EXERCISE PROMPT
Your reply is to be the lines below, exactly as written, with images omitted.

SOURCE DATA
>>>

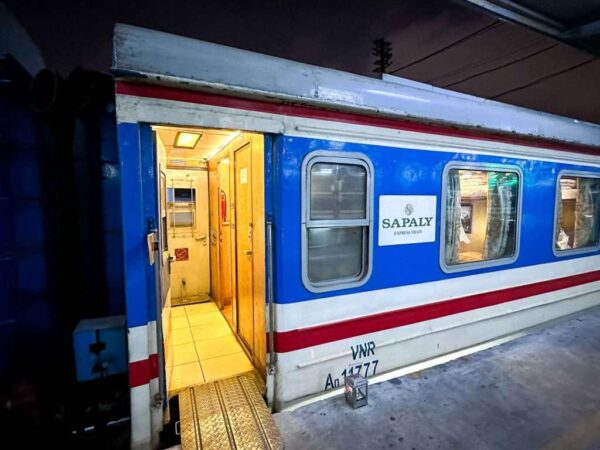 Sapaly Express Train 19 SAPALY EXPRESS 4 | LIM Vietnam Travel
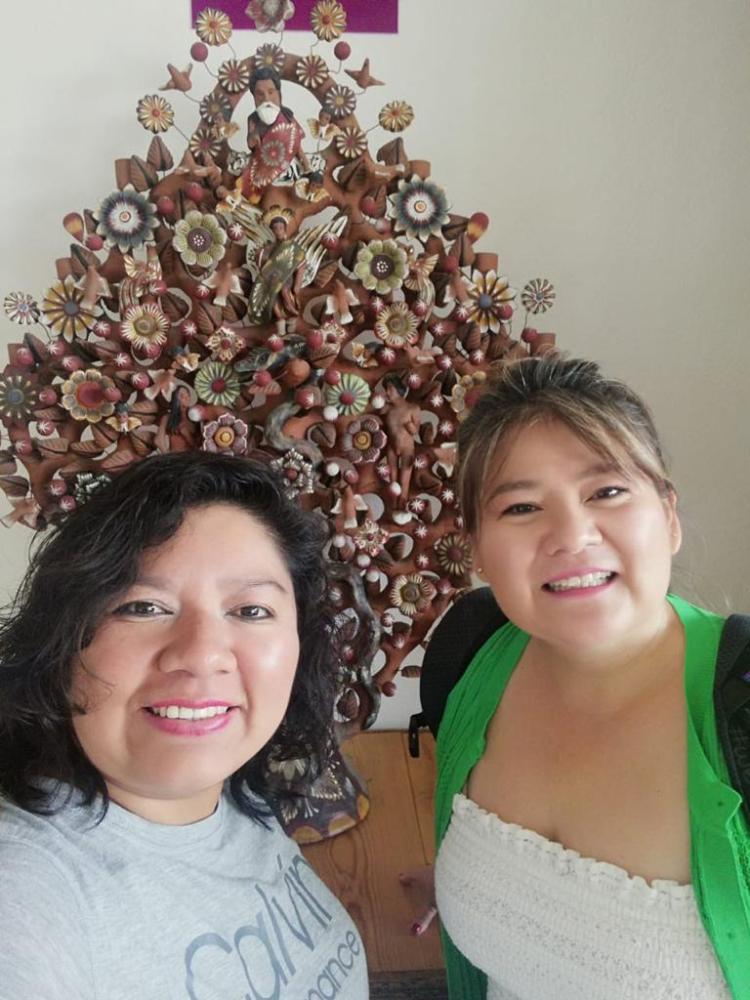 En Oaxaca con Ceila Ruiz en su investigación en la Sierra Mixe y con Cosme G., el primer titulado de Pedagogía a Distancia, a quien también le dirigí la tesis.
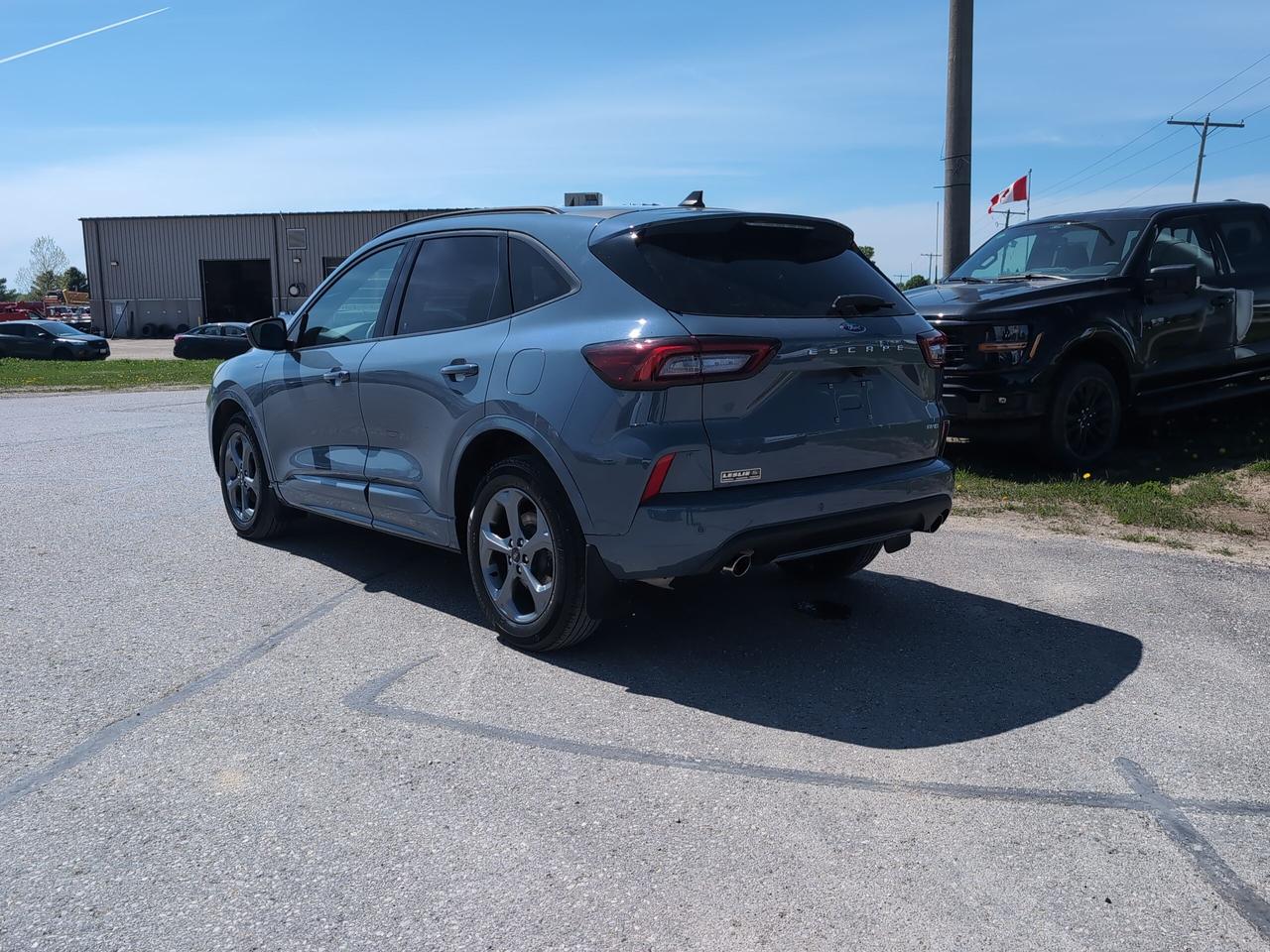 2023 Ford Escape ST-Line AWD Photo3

<<<

ANSWER TO THIS TASK
 Sapaly Express Train 19 SAPALY EXPRESS 4 | LIM Vietnam Travel
 En Oaxaca con Ceila Ruiz en su investigación en la Sierra Mixe y con Cosme G., el primer titulado de Pedagogía a Distancia, a quien también le dirigí la tesis.
 2023 Ford Escape ST-Line AWD Photo3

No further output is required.